The global business cycle is increasingly U.S.-centric. The ebbs and flows in U.S. industrial activity lead the global cycle and are roughly contemporaneous with the industrial cycle in Asia, including Japan. Also, despite important growth opportunities in the emerging markets, these markets are still underdeveloped from an institutional perspective and involve significant business and financial risk. The impact of the broad use of the dollar and, increasingly the euro in international transactions means businesses have to make real adjustments such as raising prices or productivity to offset the impact of a falling currency on their profitability.
The Conference Board's Global Leading Index continues to point to a cyclical peak in industrial activity in the first half of 2005. What is striking is how closely linked the industrial cycles are among the global regions. Although Asia is certainly an important center of global growth, Asia's industrial cycles are more volatile than in the U.S.
CHANGES IN ASIA
Technology is an important driver of the Asian economies. Now that the rebound in this sector is complete, future gains are likely to be more moderate. The Conference Board's forecast for 2005 shows continued healthy gains in investment in most countries. But some of these gains will be in traditional manufacturing, which was pushed aside by the tech boom. Technology is itself taking on the characteristics of a mature industry, and its gains will be more in keeping with the overall industrial cycle. This represents an important structural change in the Asian outlook, because the tech sector has been such an important source of growth.
The other important factor in Asia is China. China appears to be still growing at about a 9-9.5% annual rate, although, given the nature of many of the public indicators, it is hard to tell.

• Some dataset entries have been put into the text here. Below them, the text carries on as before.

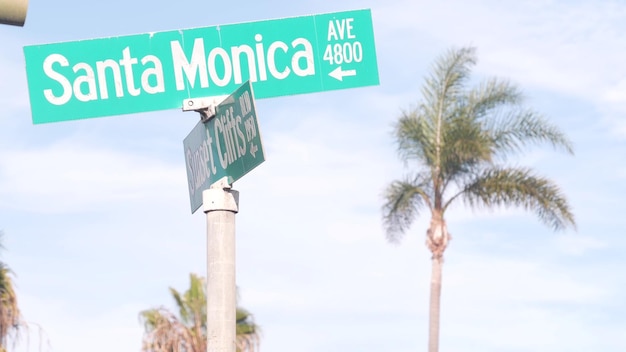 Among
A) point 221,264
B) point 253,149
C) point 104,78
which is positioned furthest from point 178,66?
point 221,264

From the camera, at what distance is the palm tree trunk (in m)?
29.5

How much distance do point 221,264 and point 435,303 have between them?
25.9 metres

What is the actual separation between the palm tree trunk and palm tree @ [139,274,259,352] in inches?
194

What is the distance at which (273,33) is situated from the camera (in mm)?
Result: 5367

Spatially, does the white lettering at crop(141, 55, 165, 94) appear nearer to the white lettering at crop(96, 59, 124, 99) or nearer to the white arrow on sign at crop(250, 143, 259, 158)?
the white lettering at crop(96, 59, 124, 99)

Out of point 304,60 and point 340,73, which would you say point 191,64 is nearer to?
point 304,60

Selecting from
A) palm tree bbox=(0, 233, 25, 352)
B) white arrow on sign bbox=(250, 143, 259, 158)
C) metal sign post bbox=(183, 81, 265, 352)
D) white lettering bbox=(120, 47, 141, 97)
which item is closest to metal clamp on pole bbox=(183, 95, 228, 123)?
metal sign post bbox=(183, 81, 265, 352)

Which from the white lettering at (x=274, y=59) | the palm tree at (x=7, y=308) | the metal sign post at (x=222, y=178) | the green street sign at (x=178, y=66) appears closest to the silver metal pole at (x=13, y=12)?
the metal sign post at (x=222, y=178)

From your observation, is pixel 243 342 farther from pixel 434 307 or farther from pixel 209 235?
pixel 209 235

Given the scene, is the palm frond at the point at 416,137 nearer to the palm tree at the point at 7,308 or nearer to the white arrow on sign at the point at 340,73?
the palm tree at the point at 7,308

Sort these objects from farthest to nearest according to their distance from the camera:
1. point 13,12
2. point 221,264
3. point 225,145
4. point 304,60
Result: point 304,60, point 225,145, point 221,264, point 13,12

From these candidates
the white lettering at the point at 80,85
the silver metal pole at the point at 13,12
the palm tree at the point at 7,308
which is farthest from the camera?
the palm tree at the point at 7,308

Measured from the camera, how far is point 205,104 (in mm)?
5277

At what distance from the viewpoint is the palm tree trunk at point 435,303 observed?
1162 inches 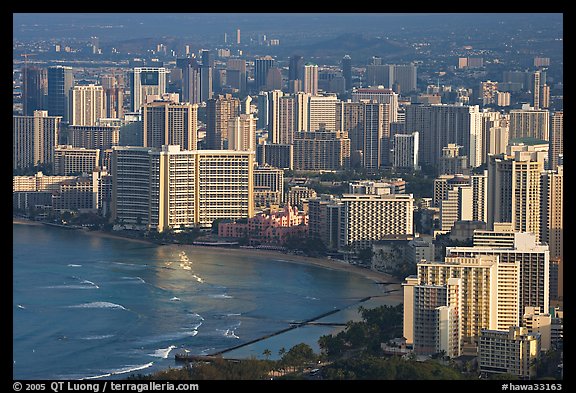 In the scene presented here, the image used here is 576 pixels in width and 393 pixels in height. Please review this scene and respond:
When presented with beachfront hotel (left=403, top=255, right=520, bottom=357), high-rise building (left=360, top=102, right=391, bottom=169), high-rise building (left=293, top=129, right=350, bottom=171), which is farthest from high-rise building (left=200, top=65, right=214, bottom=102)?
beachfront hotel (left=403, top=255, right=520, bottom=357)

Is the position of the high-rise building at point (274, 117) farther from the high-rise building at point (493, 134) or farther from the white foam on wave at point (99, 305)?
the white foam on wave at point (99, 305)

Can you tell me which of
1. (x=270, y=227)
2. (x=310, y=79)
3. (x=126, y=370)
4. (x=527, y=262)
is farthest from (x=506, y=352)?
(x=310, y=79)

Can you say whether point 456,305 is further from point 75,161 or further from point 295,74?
point 295,74

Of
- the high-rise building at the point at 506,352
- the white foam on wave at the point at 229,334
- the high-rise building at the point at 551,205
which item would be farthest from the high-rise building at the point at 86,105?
the high-rise building at the point at 506,352

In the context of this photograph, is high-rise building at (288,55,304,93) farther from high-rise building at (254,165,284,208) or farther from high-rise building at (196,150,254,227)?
high-rise building at (196,150,254,227)

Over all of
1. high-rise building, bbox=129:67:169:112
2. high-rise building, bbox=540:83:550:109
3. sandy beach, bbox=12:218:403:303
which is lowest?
sandy beach, bbox=12:218:403:303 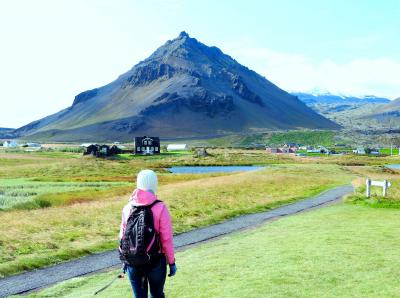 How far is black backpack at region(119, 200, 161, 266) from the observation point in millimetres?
10328

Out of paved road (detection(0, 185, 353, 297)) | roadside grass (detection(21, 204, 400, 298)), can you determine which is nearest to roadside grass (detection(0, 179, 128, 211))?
paved road (detection(0, 185, 353, 297))

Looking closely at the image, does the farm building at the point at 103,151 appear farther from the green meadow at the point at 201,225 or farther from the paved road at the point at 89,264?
the paved road at the point at 89,264

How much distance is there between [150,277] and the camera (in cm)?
1053

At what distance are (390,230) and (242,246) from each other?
8.44 meters

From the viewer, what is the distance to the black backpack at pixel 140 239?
33.9ft

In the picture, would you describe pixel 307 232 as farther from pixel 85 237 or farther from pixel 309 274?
pixel 85 237

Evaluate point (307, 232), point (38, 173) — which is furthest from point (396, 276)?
point (38, 173)

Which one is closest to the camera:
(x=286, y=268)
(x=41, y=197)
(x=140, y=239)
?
(x=140, y=239)

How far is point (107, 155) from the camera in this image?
187125 mm

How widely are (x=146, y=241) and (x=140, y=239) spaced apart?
133 mm

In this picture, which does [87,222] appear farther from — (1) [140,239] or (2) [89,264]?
(1) [140,239]

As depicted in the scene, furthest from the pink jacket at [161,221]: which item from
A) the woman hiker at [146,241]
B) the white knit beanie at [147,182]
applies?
the white knit beanie at [147,182]

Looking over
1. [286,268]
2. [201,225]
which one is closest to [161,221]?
[286,268]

The administrative procedures have had an impact on the construction sector, but the interest rate increases to date are very small. Many Chinese firms do not pay globally competitive rates for the cost of financing and have an incentive to hold very high inventories, especially in the commodity industries.
Record foreign investment inflows -- exceeding $60 billion in 2004 -- and subsidies and wage gains in the rural sector are surely offsetting much of the effect of the efforts to slow the Chinese economy. The Chinese are likely to continue to raise interest rates, however, and at some point in late 2005 this will begin to take its toll.
But even China's rapid growth has not succeeded in changing Asia's industrial dynamic as a whole. Industrial activity in Asia is on a slightly rising trend. But the industrial sector in the U.S., led by technology, has performed better. Even though most countries' exports to China are rising sharply, the China market is still too small to power what are, for the most part, reasonably well-developed economies.
The rush of capital to Asia has driven emerging market bond yields down to their lowest premiums versus the U.S. 10-year Treasury bond since the mid- 1990s. Long-term bond yields in Korea, Singapore, and Taiwan are actually below U.S. Treasuries.